• [What the exercise asks]:
When you reach the line with "thumbnail image 3" in the data below, begin printing lines exactly, and stop once the line with "長崎県の白木峰高原に咲く菜の花と桜 長崎県の白木峰高原に咲く菜の花と桜 長崎県,長崎,桜の写真素材" has been printed.

• [Input for this task]:
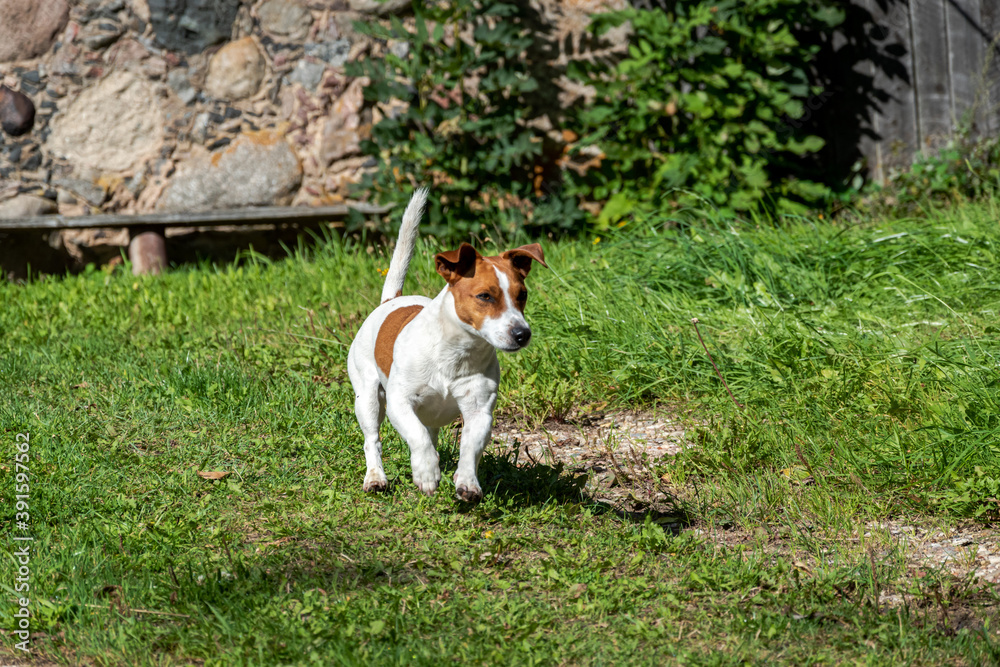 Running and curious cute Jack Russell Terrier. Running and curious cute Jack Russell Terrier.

* * *

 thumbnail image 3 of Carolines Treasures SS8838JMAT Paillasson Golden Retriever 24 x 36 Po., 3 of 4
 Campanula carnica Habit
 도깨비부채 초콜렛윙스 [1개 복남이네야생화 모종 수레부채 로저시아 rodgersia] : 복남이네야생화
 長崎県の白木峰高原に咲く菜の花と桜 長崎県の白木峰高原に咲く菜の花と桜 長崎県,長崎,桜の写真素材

• [Answer section]:
 thumbnail image 3 of Carolines Treasures SS8838JMAT Paillasson Golden Retriever 24 x 36 Po., 3 of 4
 Campanula carnica Habit
 도깨비부채 초콜렛윙스 [1개 복남이네야생화 모종 수레부채 로저시아 rodgersia] : 복남이네야생화
 長崎県の白木峰高原に咲く菜の花と桜 長崎県の白木峰高原に咲く菜の花と桜 長崎県,長崎,桜の写真素材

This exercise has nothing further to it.